Fernab der Realität – Politik und energetische Sanierung
Bei der energetischen Sanierung kommt Deutschland nicht voran. Warum, hat Dr. Oliver Arentz kürzlich in der Frankfurter Allgemeinen Zeitung erläutert. Die Gesetzgebung vergisst den Faktor „Mensch“. Das belegt der stellvertretende Geschäftsführer des Kölner Instituts für Wirtschaftspolitik in seinem Artikel sehr schlüssig.
Wer energetisch saniert, verbraucht weniger Energie. Wer das glaubt, hat noch nie etwas von Verhaltenswissenschaften gehört. Das freiwerdende Einkommen kann man schließlich genauso gut nutzen, um mehr zu heizen! Eine andere Hypothese besagt: Hauseigentümer unterlassen energetische Maßnahmen, weil sie nicht ausreichend über die wirtschaftlichen Vorteile informiert sind. Tatsächlich aber haben viele Eigentümer Energieeffizienzmaßnahmen bereits durchgeführt. Relativ preiswerte Varianten wie die Dämmung des obersten Geschosses zum Beispiel. Nur: Weiterführende Maßnahmen lohnen sich in vielen Fällen kaum. Selbst wenn die Besitzer einen Kredit bei der staatlichen Förderbank KfW aufnehmen. Wer hätte das gedacht? Die Leute können selbstständig rechnen.
Ebenfalls wenig durchdacht ist die Novelle der Energieeinsparverordnung aus diesem Jahr. Diese schreibt eine Verschärfung der Neubaustandards vor. Der Effekt ist absehbar – Bauen wird teurer. Eine Preissteigerung von vermutlich 5 Prozent trifft besonders Hausbauer aus dem mittleren bis niedrigen Preissegment. Und den sozialen Wohnungsbau, für den sich sowieso kaum private Investoren finden. Neben den anfänglichen Baukosten steigen zudem die Lebenszykluskosten der Immobilien. Denn die entsprechenden Anlagen müssen gewartet und instandgehalten werden. Das Schlimmste an der Neureglung ist jedoch, dass sie ihre Wirkung verfehlt. Bei einer Neubauquote von derzeit 0,5 Prozent ist nämlich nicht davon auszugehen, dass der Klimaeffekt besonders hoch ausfällt.

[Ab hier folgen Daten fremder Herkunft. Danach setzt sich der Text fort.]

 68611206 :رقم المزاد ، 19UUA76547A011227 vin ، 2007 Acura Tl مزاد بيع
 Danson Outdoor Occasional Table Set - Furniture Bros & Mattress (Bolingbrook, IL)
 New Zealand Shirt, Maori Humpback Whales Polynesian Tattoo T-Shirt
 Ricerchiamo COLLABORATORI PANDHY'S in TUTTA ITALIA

Wie sieht es bei den Häusern im Bestand aus? Um die Klimaziele zu erfüllen, ist eine Verdopplung der Sanierungsrate von aktuell einem auf zwei Prozent notwendig. Eine große Hürde bei der Verwirklichung dieses Ziels ist die Struktur des Häusermarktes. Drei Viertel aller Wohnungen gehört Privatpersonen. Deren betriebswirtschaftliche Interessen sind vielfältig. Senioren kalkulieren anders als junge Leute, Familien anders als Alleinstehende. Die pauschalen gesetzlichen Vorgaben werden der Wirklichkeit nicht gerecht. Ebenso wenig werden die Modellrechnungen der Gesetzgeber den Lebenszyklen der Häuser gerecht. Diese basieren auf der Annahme, dass ohnehin umfassende Sanierungen anstehen. Doch ein Haus mit geklinkerten Außenwänden hat einen Zyklus von bis zu 150 Jahren. Dass ausgerechnet jetzt Baumaßnahmen fällig sind, ist folglich unwahrscheinlich.

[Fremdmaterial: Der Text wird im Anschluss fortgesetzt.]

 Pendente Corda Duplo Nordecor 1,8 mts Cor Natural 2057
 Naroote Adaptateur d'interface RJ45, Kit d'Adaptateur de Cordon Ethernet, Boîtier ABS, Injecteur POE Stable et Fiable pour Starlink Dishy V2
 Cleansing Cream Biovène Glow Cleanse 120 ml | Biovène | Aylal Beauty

Weiter ergänzt Arentz seine Kontra-Liste um einen Punkt, der in den technischen Bereich gehört – Brand- und Schimmelrisiken, welche eine Hausdämmung nachweislich mit sich zieht. Die daraus resultierenden Folgekosten sind nicht in den Modellrechnungen eingepreist, was die Ergebnisse zu Ungunsten der Hausbesitzer verzerrt.
Der Autor schwingt sich schließlich zu einer Generalkritik auf. Gebäudebesitzer sind in der Regel nicht am unteren Rand der Gesellschaft zu finden, erhalten aber Subventionen und steuerliche Begünstigungen, wenn sie sanieren. Das widerspräche dem Grundsatz der Umverteilung von oben nach unten. Besonders kritisch: Obwohl kein Zusammenhang mit dem Klimaschutz gegeben ist, profitieren Hauseigentümer mit den höchsten Grenzsteuersätzen am stärksten von Steuervorteilen. Zuletzt äußert Arentz den Verdacht, dass die Subventionen Ursache für den starken Preisanstieg „energietechnisch relevanter Bauelemente“ sind. Man möchte ihm beipflichten.
Als Richtschnur für die Zukunft rät Dr. Arentz in den Vorschriften „Spielraum für einfache und flexible Lösungen zu lassen“. Und auch da möchte man ihm beipflichten.